Danny Mishkin, the director of a new Reform Jewish surfing camp in Virginia Beach, Virginia, said he and his staff thought deeply before launching this summer an effort to help teens handle romance and sexuality. The kids wear more modest surfing gear to prevent body talk, and they attend evening programs about healthy ways to pursue relationships and how to step up if they witness sexual harassment.
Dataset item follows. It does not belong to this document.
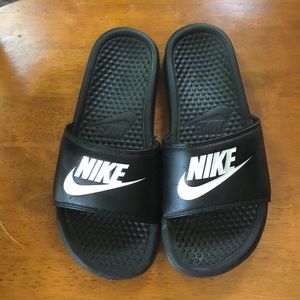 Nike slides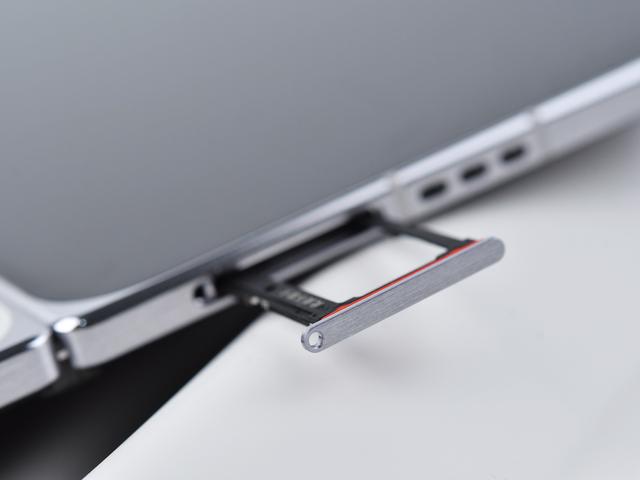 從堆料到減負，今年的大折疊為何執著于輕薄？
"When we're talking about relationships, we're not talking about, 'You need to date a Jewish boy or a Jewish girl.' We are not trying to couple anyone," Mishkin said. He said the Shmira Initiative discussed dismantling that culture. "I don't think most camps are doing that anymore. We were specifically talking at the training: If that was part of your culture, how are you immediately changing it? Because it's not OK. . . . That puts an undue pressure on kids."

But even if the camps don't promote dating Jewishly as an institutional value anymore, the topic comes up among the teens. At Capital Camps, 15-year-old Avi, while talking with Emme by the stream near their tents, says: "I'm not going to marry out of that, lose that identity. There's a sense, I guess, that it's a community. You want to stay within it."

Emme agrees, thinking way ahead: "I want Jewish grandkids, Jewish kids."

It's because of camp, she says, that she has a strong Jewish identity now. After her first summer at camp, she and her sister went back to their not-very-observant parents with new songs, piles of laundry, and a request: They wanted to start celebrating Shabbat.